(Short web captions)
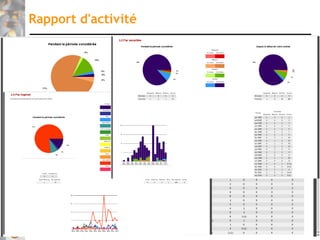 Rapport d'activité




                     66
 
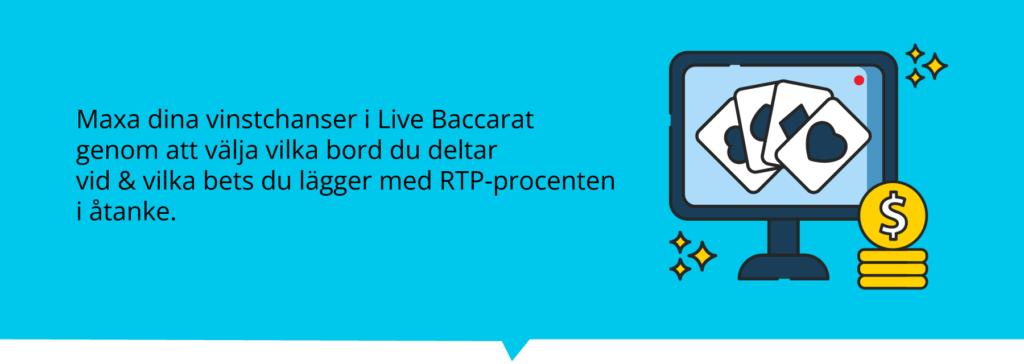 Live Baccarat RTP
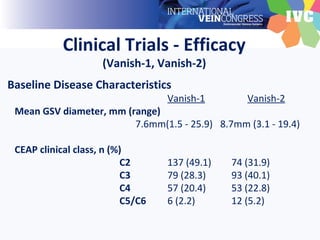 Polidocanol Endovenous Microfoam: Where Are We? | PPT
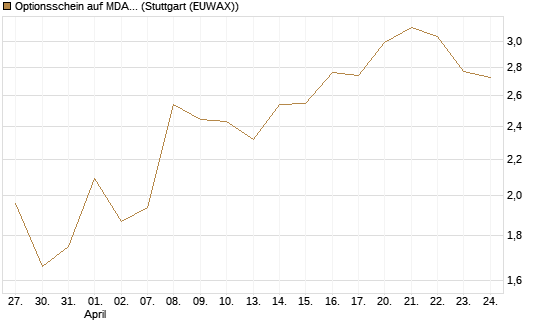 Optionsschein auf MDAX [Goldman Sachs Bank Europe SE] Chart
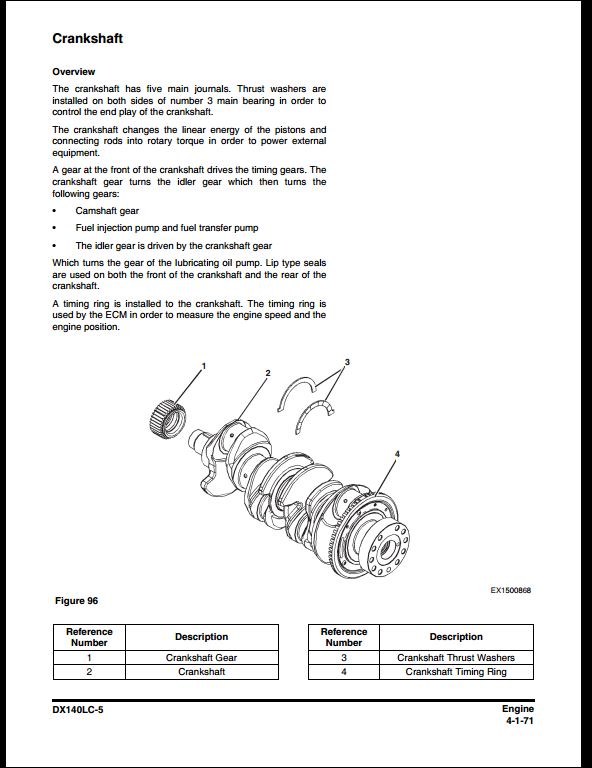 2015 Doosan DX140LC-5 Crawled Excavator Workshop Service Repair Manual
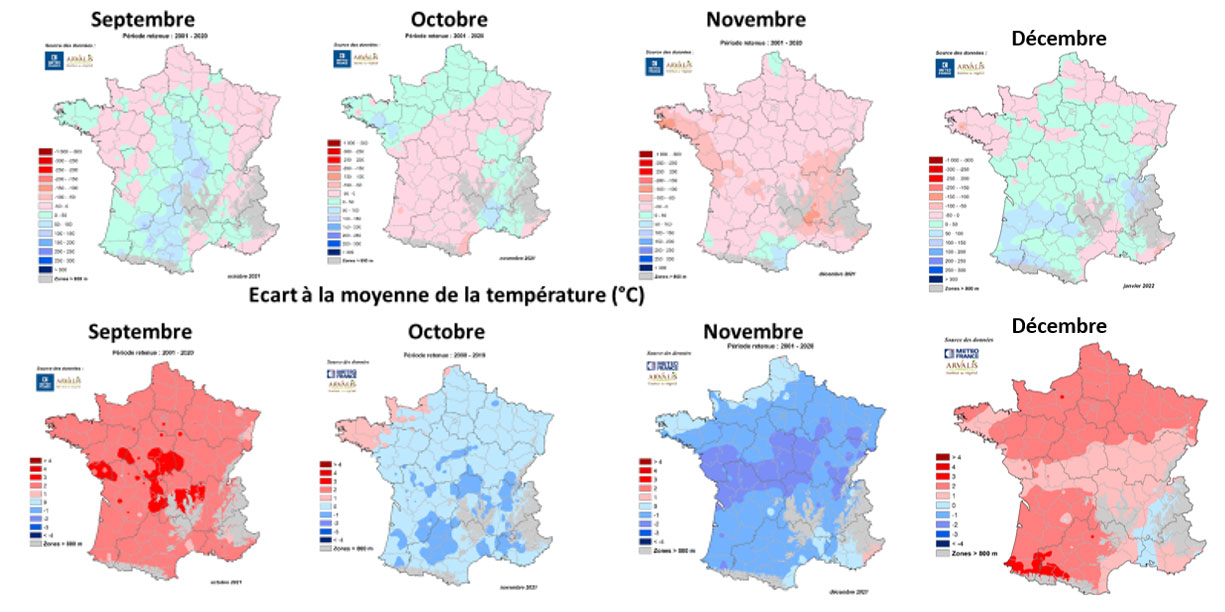 Bilan climatique 2021-2022
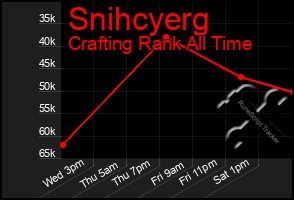 Total Graph of Snihcyerg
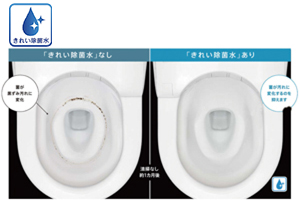 きれい除菌水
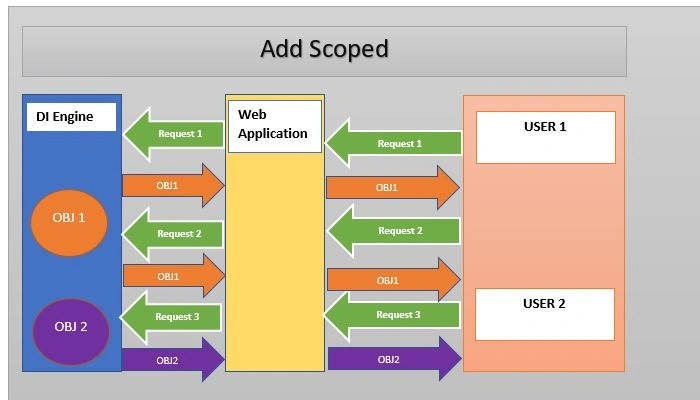 AddSingleton Vs AddScoped Vs AddTransient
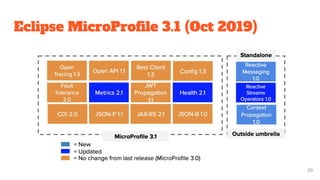 Eclipse MicroProﬁle 3.1 (Oct 2019)
20
 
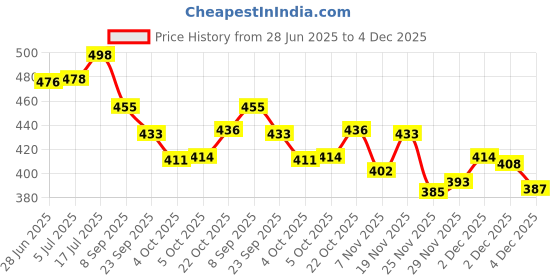 flipkart.com chetanya loomtex Green Polypropylene Carpet chetanya loomtex Price History Graph from 28 Jun 2025 to 4 Dec 2025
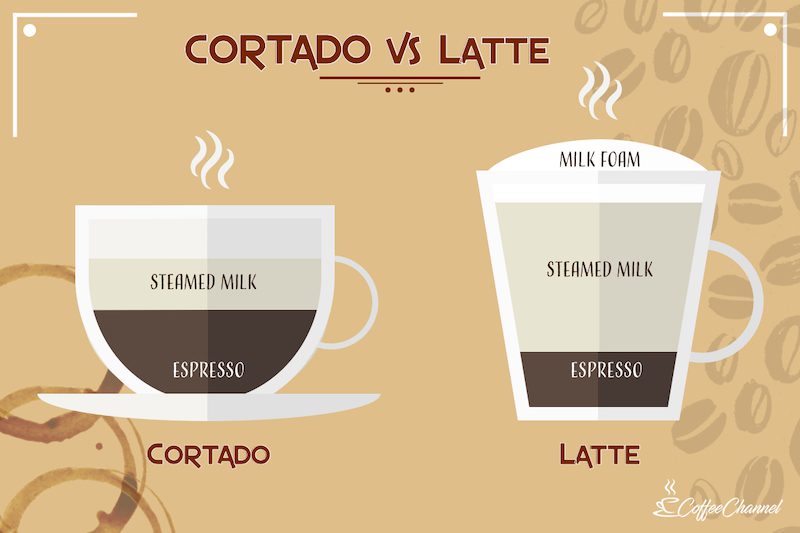 cortado-vs-latte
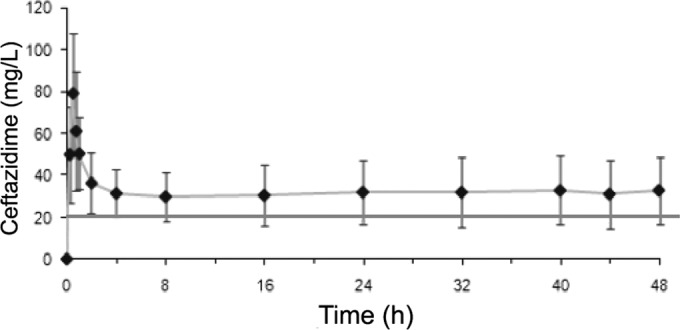 FIG 2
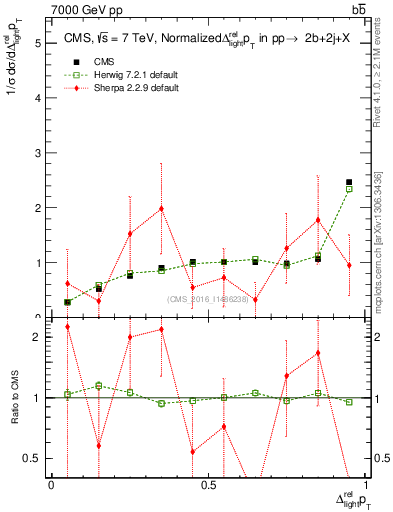 Plot of ljlj.dpt in 7000 GeV pp collisions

> INSTRUCTIONS TO FOLLOW
Exact copy, no pictures: write out all the records above.

> ANSWER
 Rapport d'activité




                     66
 
 Live Baccarat RTP
 Polidocanol Endovenous Microfoam: Where Are We? | PPT
 Optionsschein auf MDAX [Goldman Sachs Bank Europe SE] Chart
 2015 Doosan DX140LC-5 Crawled Excavator Workshop Service Repair Manual
 Bilan climatique 2021-2022
 Total Graph of Snihcyerg
 きれい除菌水
 AddSingleton Vs AddScoped Vs AddTransient
 Eclipse MicroProﬁle 3.1 (Oct 2019)
20
 
 flipkart.com chetanya loomtex Green Polypropylene Carpet chetanya loomtex Price History Graph from 28 Jun 2025 to 4 Dec 2025
 cortado-vs-latte
 FIG 2
 Plot of ljlj.dpt in 7000 GeV pp collisions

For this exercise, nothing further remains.